Start of INFORMATION
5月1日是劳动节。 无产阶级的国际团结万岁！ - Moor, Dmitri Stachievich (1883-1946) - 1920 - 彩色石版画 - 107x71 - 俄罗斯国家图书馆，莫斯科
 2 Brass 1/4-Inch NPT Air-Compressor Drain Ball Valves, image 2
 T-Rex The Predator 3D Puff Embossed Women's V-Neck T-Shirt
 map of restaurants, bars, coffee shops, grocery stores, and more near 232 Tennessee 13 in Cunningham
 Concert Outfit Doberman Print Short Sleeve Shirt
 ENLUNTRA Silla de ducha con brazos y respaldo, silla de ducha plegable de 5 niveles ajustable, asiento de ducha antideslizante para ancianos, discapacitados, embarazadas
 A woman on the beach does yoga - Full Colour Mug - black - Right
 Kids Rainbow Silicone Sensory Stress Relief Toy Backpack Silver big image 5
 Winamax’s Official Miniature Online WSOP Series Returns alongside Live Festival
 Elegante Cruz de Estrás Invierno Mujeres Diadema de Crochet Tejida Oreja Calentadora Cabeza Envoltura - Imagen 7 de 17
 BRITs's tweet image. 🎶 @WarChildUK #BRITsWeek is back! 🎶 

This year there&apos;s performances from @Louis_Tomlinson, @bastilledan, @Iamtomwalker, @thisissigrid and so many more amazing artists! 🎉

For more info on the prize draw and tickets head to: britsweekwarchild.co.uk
End of INFORMATION
INSTRUCTIONS FOR THE TASK:
Take every line from the data that contains the word "more".

RESPONSE TO THE EXERCISE:
 map of restaurants, bars, coffee shops, grocery stores, and more near 232 Tennessee 13 in Cunningham
This year there&apos;s performances from @Louis_Tomlinson, @bastilledan, @Iamtomwalker, @thisissigrid and so many more amazing artists! 🎉
For more info on the prize draw and tickets head to: britsweekwarchild.co.uk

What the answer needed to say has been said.